Short descriptive text snippets:
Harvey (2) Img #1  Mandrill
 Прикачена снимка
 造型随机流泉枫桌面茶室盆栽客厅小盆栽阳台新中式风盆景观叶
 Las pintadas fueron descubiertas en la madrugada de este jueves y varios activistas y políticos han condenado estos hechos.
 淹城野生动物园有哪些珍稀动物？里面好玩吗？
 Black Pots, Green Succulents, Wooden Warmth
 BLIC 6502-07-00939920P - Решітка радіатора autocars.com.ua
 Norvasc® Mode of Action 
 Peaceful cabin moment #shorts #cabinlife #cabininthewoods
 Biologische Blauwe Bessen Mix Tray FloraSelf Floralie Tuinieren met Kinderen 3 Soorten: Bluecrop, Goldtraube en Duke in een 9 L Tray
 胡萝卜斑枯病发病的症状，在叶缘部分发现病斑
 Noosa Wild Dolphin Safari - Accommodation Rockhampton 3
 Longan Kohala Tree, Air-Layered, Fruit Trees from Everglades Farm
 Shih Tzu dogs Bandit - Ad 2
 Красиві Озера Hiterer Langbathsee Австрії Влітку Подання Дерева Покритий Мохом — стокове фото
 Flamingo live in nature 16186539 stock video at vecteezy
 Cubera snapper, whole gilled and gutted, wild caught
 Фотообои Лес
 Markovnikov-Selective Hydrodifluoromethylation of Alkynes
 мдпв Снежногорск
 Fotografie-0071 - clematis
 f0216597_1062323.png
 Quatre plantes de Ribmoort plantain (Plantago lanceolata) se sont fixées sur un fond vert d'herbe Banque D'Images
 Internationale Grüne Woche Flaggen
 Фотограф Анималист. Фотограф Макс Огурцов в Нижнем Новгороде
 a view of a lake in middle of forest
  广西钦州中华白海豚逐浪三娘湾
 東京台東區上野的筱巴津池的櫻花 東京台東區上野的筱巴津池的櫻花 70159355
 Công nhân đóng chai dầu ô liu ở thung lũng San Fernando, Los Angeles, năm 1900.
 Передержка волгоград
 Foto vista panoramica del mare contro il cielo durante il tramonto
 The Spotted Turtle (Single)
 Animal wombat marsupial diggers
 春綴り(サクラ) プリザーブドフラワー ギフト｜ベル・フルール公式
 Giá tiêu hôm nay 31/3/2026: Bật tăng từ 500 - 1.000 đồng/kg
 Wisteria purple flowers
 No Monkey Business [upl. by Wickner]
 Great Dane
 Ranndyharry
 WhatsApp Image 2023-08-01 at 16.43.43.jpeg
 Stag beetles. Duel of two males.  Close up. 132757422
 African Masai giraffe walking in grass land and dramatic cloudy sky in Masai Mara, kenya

#### [Action item]
With the line containing "Фотограф Анималист. Фотограф" as the first and the last line above as the final one, copy those lines exactly and no others.

#### [Response]
 Фотограф Анималист. Фотограф Макс Огурцов в Нижнем Новгороде
 a view of a lake in middle of forest
  广西钦州中华白海豚逐浪三娘湾
 東京台東區上野的筱巴津池的櫻花 東京台東區上野的筱巴津池的櫻花 70159355
 Công nhân đóng chai dầu ô liu ở thung lũng San Fernando, Los Angeles, năm 1900.
 Передержка волгоград
 Foto vista panoramica del mare contro il cielo durante il tramonto
 The Spotted Turtle (Single)
 Animal wombat marsupial diggers
 春綴り(サクラ) プリザーブドフラワー ギフト｜ベル・フルール公式
 Giá tiêu hôm nay 31/3/2026: Bật tăng từ 500 - 1.000 đồng/kg
 Wisteria purple flowers
 No Monkey Business [upl. by Wickner]
 Great Dane
 Ranndyharry
 WhatsApp Image 2023-08-01 at 16.43.43.jpeg
 Stag beetles. Duel of two males.  Close up. 132757422
 African Masai giraffe walking in grass land and dramatic cloudy sky in Masai Mara, kenya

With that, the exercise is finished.